[Saved entries]
= Beginning of Section =
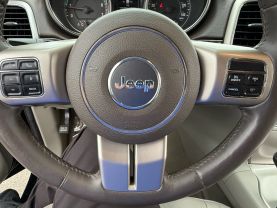 2012 JEEP GRAND CHEROKEE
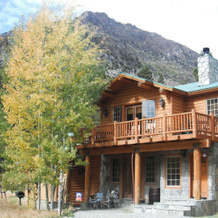 Double Eagle Resort & Spa, Джун-Лейк — фото 4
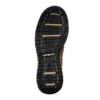 Millbrook 6" waterdichte Nano Toe-laars met sleehak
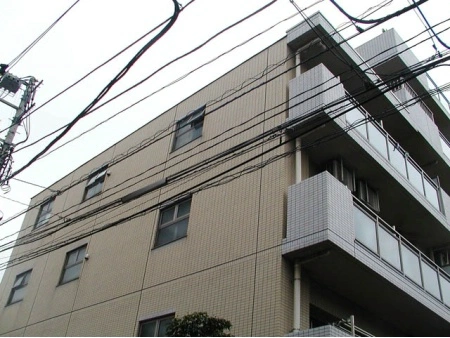 藤和シティホームズ駒込古河庭園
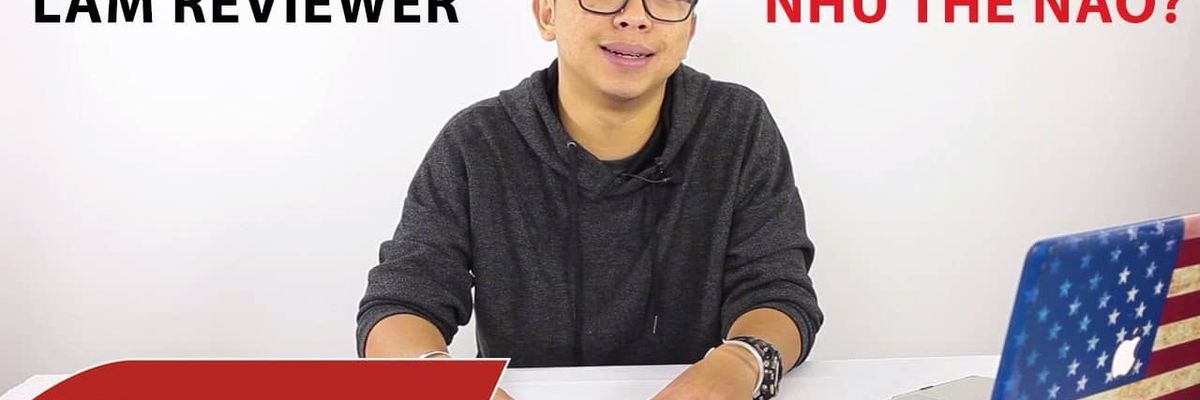 Schannel - Svlog 21: Làm Reviewer ở Schannel là như thế nào?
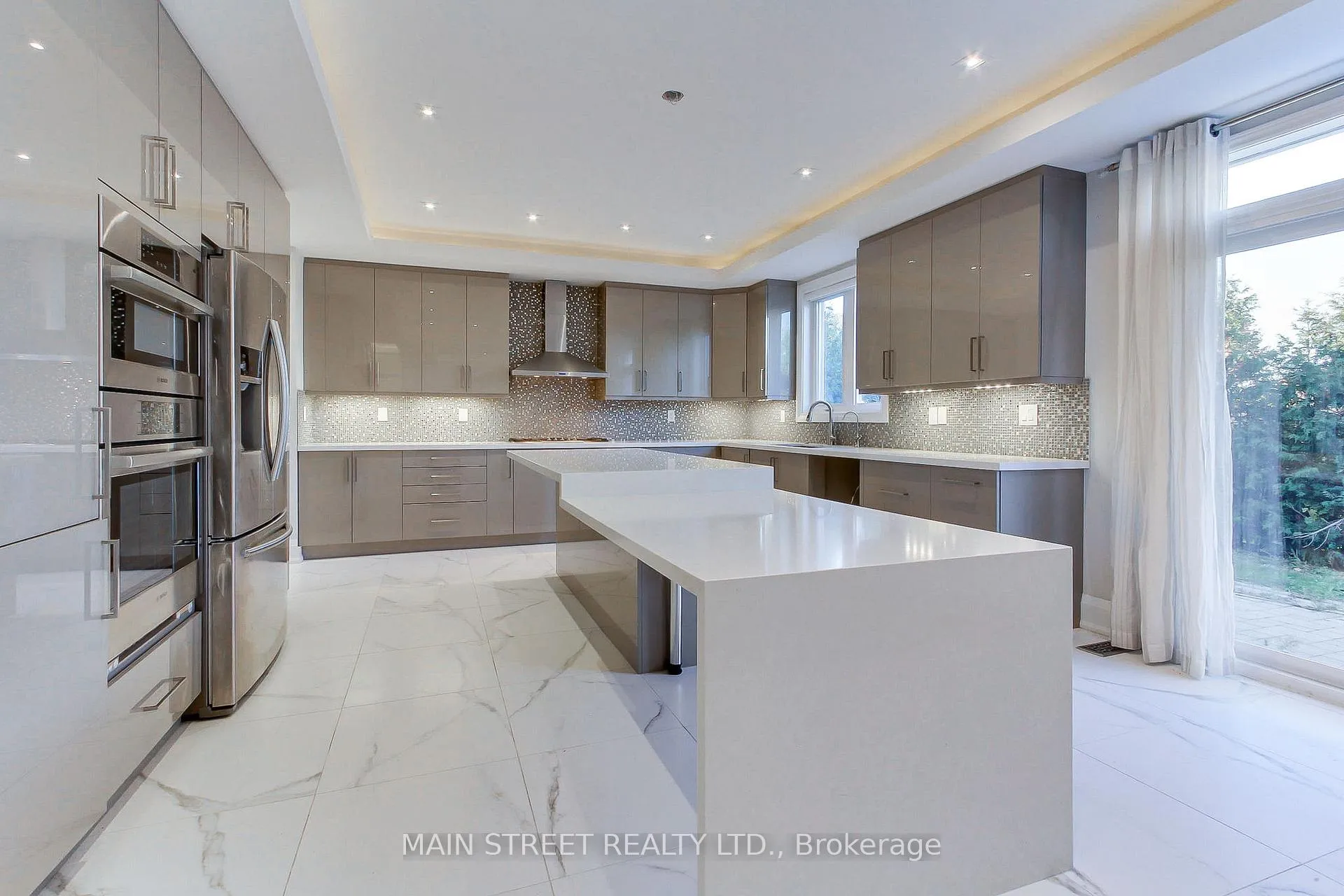 Photo 11 of 36 Adastra Crescent, Markham, Victoria Manor-Jennings Gate — HOMEH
= End of Section =
EXERCISE DESCRIPTION = When you retype the data above, match every line exactly and leave the pictures behind.

WRITTEN REPLY =
 2012 JEEP GRAND CHEROKEE
 Double Eagle Resort & Spa, Джун-Лейк — фото 4
 Millbrook 6" waterdichte Nano Toe-laars met sleehak
 藤和シティホームズ駒込古河庭園
 Schannel - Svlog 21: Làm Reviewer ở Schannel là như thế nào?
 Photo 11 of 36 Adastra Crescent, Markham, Victoria Manor-Jennings Gate — HOMEH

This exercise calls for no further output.